“Olá, GUARDADOR de rebanhos,
Aí à beira da estrada,
Que te diz o vento que passa?”
“Que é vento, e que passa,
E que já passou antes,
E que passará depois,
E a ti o que te diz?”
“Muita cousa mais do que isso.
Fala-me de muitas outras cousas.
De memória e de saudades
E de cousas que nunca foram”
“Nuca ouviste passar o vento.
O vento só fala do vento.
O que lhe ouviste foi mentira,
E a mentira está em ti”
“Aí à beira da estrada” a palavra “aí” sugere o distanciamento que as vozes querem
manter do guardador de rebanhos, como se elas desfrutassem de um status superior ao dele e
não quisessem se misturar.
“Que te diz o vento que passa?” Considerando que o vento não fala, essa pergunta é
uma zombaria, gozação, desrespeito com a condição humilde do guardador; este verso deixa subentender que as vozes nada sabem sobre um homem em contato com a natureza; não
sabem que a vivência dele o faz ler dentro dos componentes da natureza.
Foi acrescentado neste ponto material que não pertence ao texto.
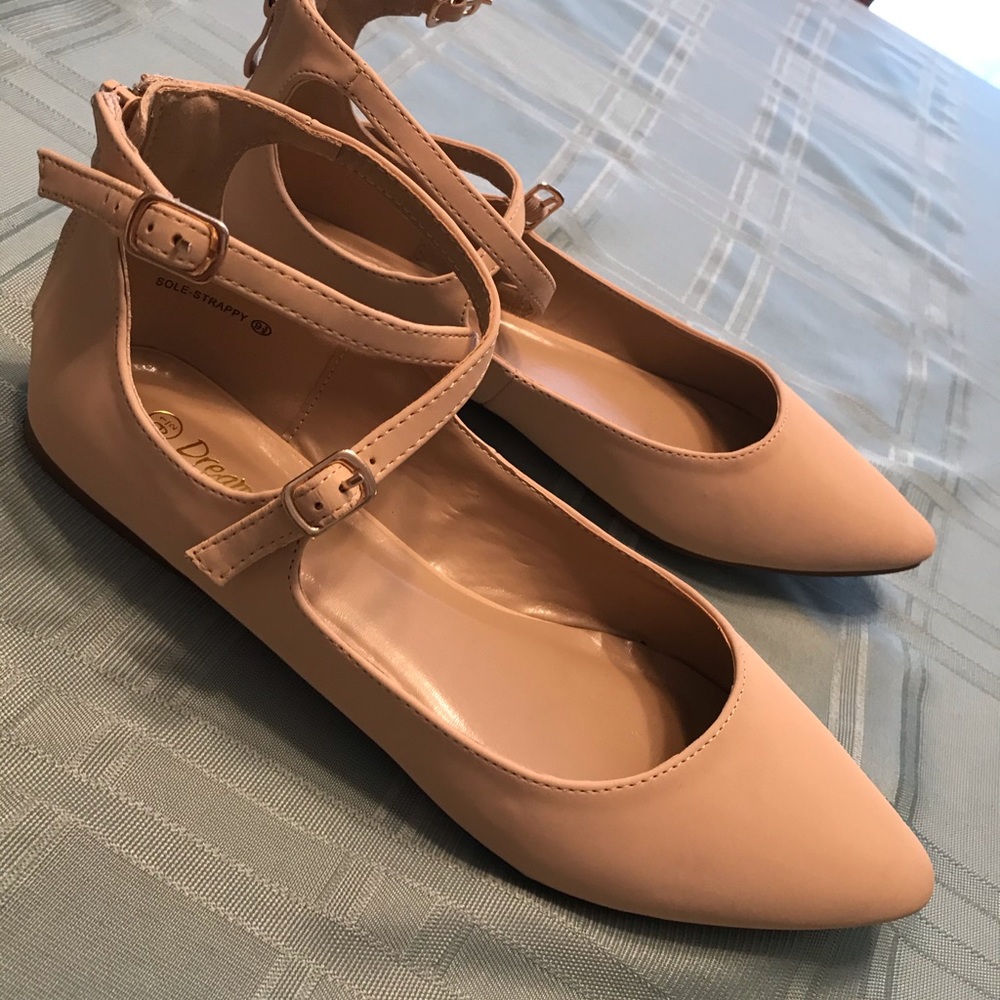 Criss cross strap nude flats
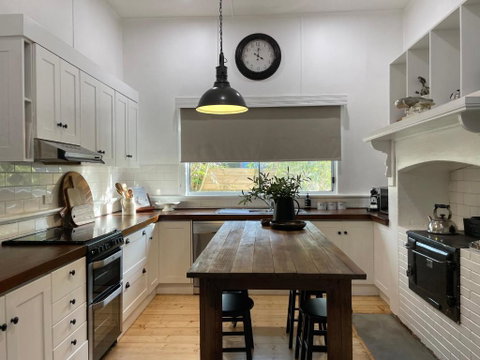 The Country House Maffra - Darwin Tourism 1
Na terceira estrofe, essas vozes se manifestam pedantes rançosas: utilizam-se três
vezes da palavra “cousas”, um termo em desuso para induzir erudição.
A afirmação “muito mais do que isso” é ostentação, querer se colocar acima, num plano
de cultura superior; no entanto, as afirmações seguintes são vazias, sem qualquer conteúdo
e terminam a estrofe quase com uma evasão, indicando que elas não conseguem sustentar uma seqüência lógica“ com a expressão: “cousas que nunca foram”; não sabem o que afirmam.
O guardador, no entanto, indica qual é o conteúdo delas: a mentira, fantasia, vaidade, vulgaridade; tudo isso “está em ti”; está nelas que assim agem em todas as situações.